Records to process:

BEGIN

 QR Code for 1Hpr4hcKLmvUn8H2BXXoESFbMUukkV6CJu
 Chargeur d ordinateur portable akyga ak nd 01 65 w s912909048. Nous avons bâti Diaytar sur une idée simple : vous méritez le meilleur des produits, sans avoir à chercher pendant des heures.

END
BEGIN

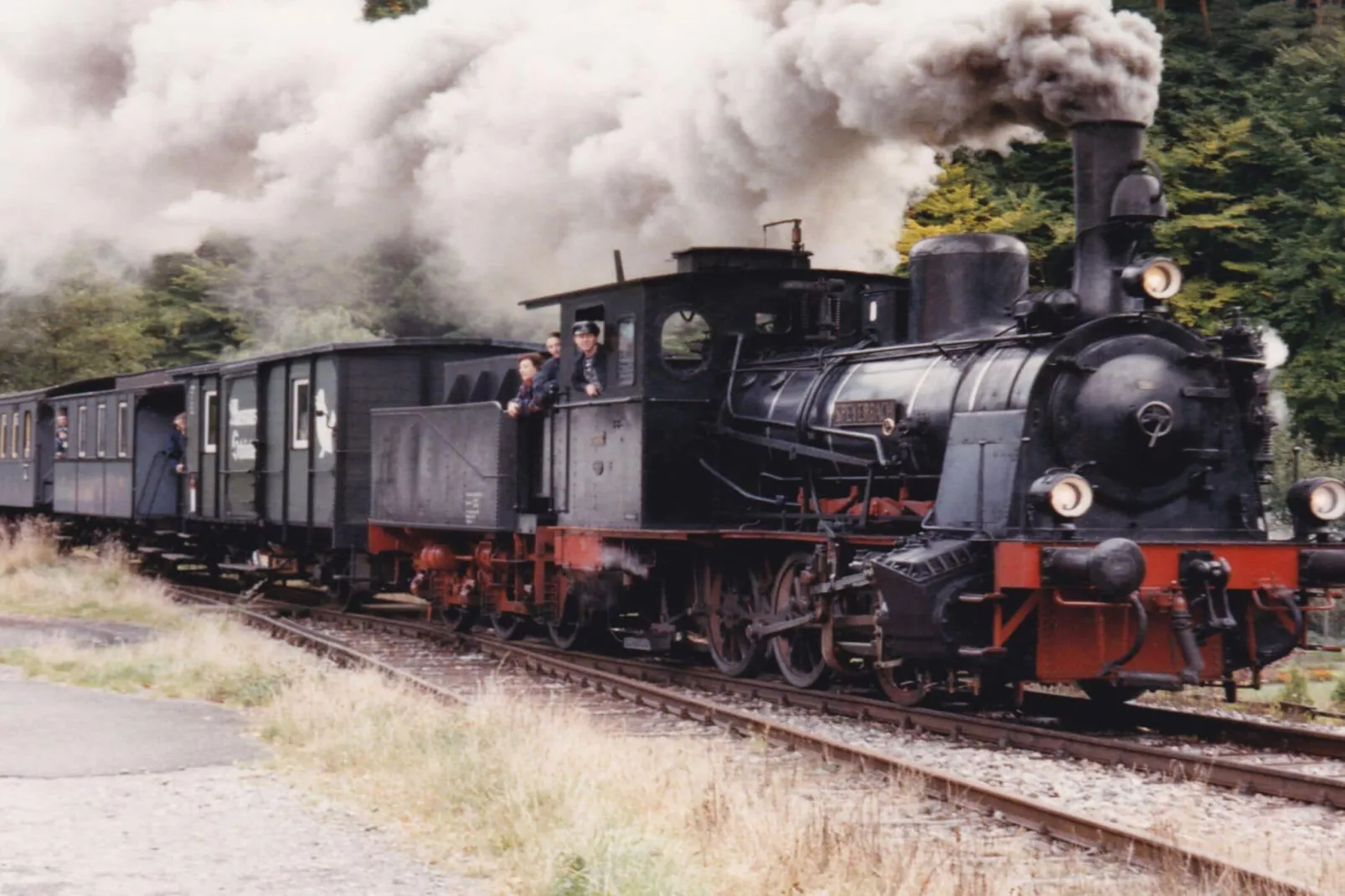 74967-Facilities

END
BEGIN

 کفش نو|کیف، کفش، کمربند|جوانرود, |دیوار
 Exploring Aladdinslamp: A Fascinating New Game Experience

END

Exercise aim: Could you return exactly the stretch of the data above that starts at the line with "کفش نو|کیف، کفش، کمربند|جوانرود, |دیوار" and ends at the line with "Exploring Aladdinslamp: A", both lines included?

Output for this exercise:
 کفش نو|کیف، کفش، کمربند|جوانرود, |دیوار
 Exploring Aladdinslamp: A Fascinating New Game Experience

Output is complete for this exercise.